Retype the records below word for word and omit any image.
------------------------------------------------
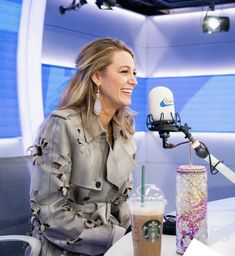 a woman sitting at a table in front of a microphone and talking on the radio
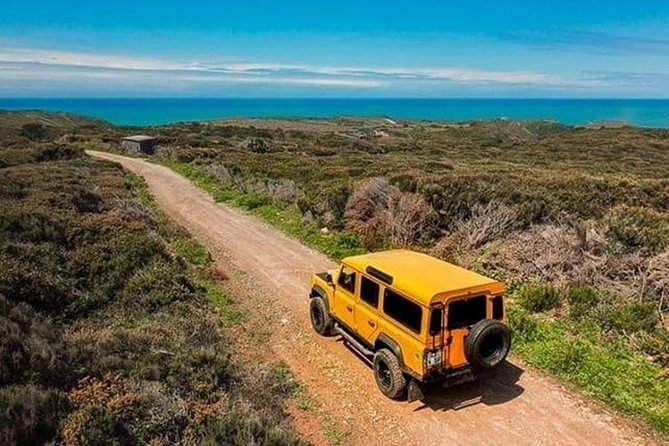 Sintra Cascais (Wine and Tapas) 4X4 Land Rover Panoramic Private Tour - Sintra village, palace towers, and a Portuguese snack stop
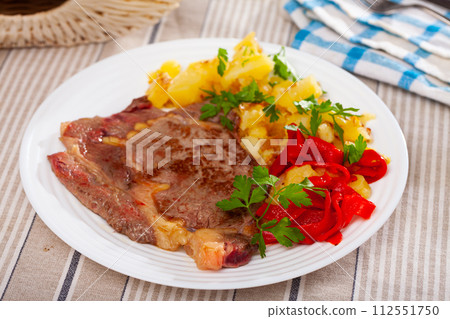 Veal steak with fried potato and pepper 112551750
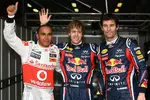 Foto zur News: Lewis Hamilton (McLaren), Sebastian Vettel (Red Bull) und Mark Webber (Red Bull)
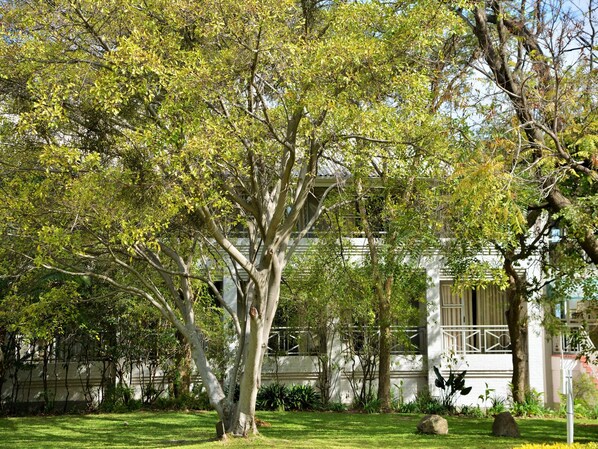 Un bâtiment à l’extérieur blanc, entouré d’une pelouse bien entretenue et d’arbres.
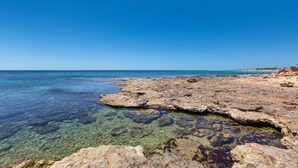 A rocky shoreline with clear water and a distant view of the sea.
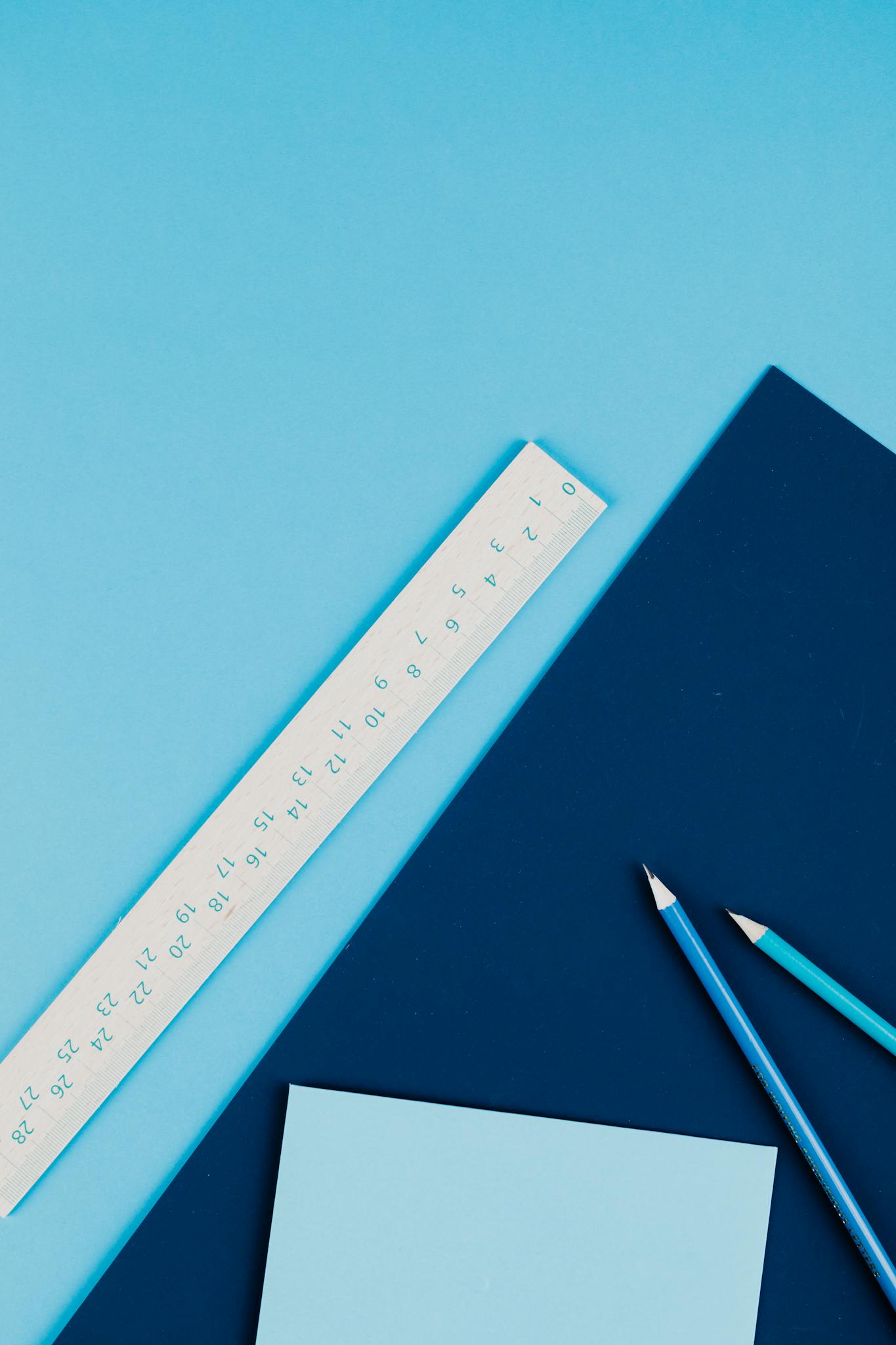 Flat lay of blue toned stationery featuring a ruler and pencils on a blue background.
------------------------------------------------
**Solution to this task:**
 a woman sitting at a table in front of a microphone and talking on the radio
 Sintra Cascais (Wine and Tapas) 4X4 Land Rover Panoramic Private Tour - Sintra village, palace towers, and a Portuguese snack stop
 Veal steak with fried potato and pepper 112551750
 Foto zur News: Lewis Hamilton (McLaren), Sebastian Vettel (Red Bull) und Mark Webber (Red Bull)
 Un bâtiment à l’extérieur blanc, entouré d’une pelouse bien entretenue et d’arbres.
 A rocky shoreline with clear water and a distant view of the sea.
 Flat lay of blue toned stationery featuring a ruler and pencils on a blue background.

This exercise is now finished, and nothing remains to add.